TASK DETAILS:
Starting at the line that has "Fashionable black sequin" and stopping after the line that has "Una refugiada siria", reproduce the listing below exactly; omit everything else.

DATA EXCERPTS:

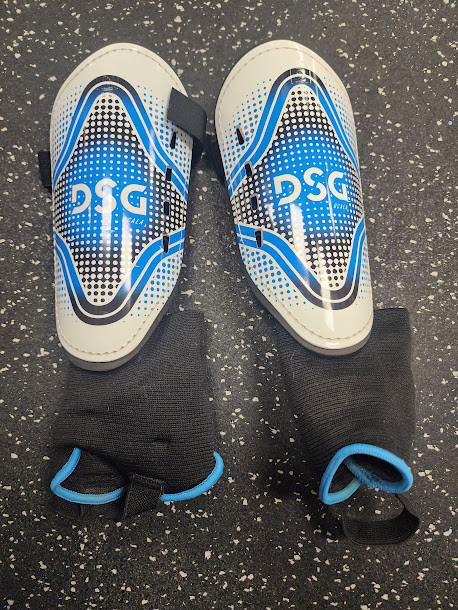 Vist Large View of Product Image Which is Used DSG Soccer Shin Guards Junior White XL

* * *

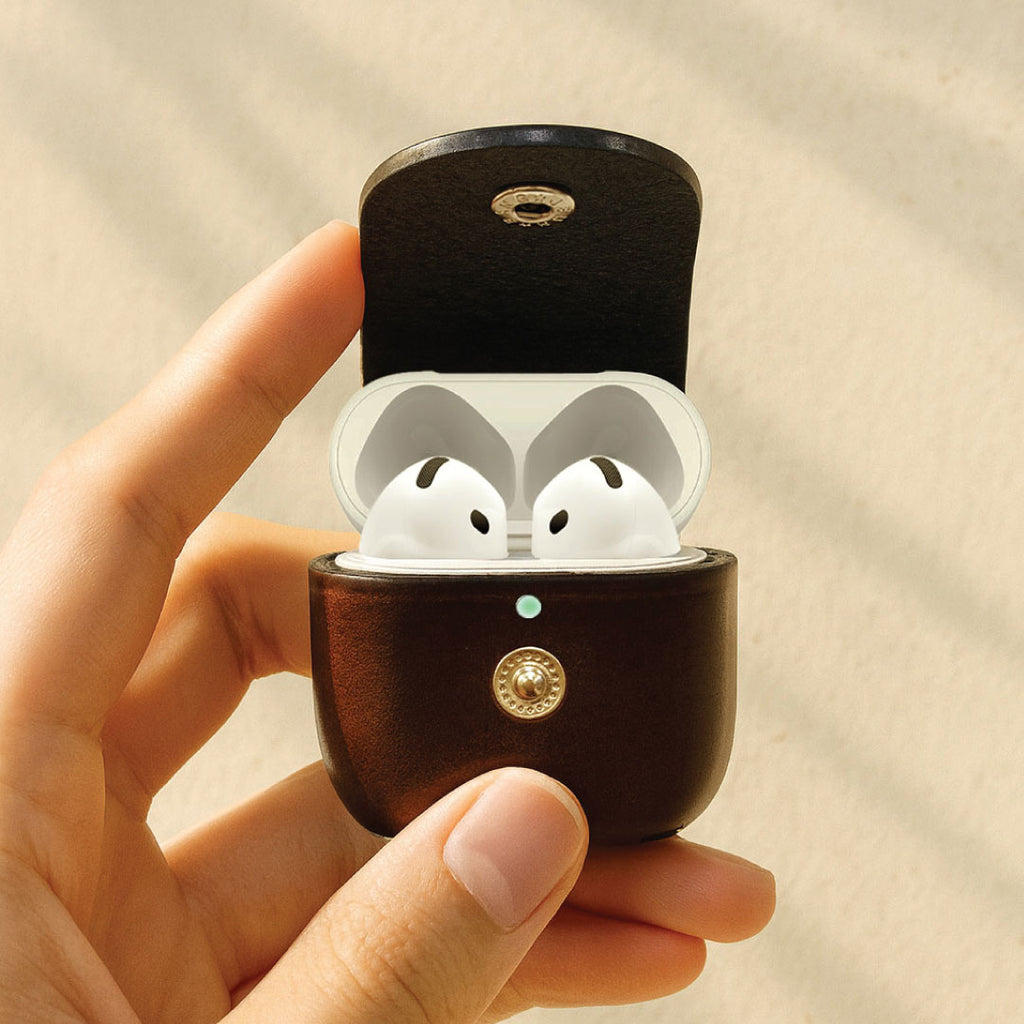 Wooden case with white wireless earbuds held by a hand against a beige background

---

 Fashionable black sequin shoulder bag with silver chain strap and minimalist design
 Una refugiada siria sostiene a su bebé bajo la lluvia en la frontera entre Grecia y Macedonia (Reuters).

RESPONSE:
 Fashionable black sequin shoulder bag with silver chain strap and minimalist design
 Una refugiada siria sostiene a su bebé bajo la lluvia en la frontera entre Grecia y Macedonia (Reuters).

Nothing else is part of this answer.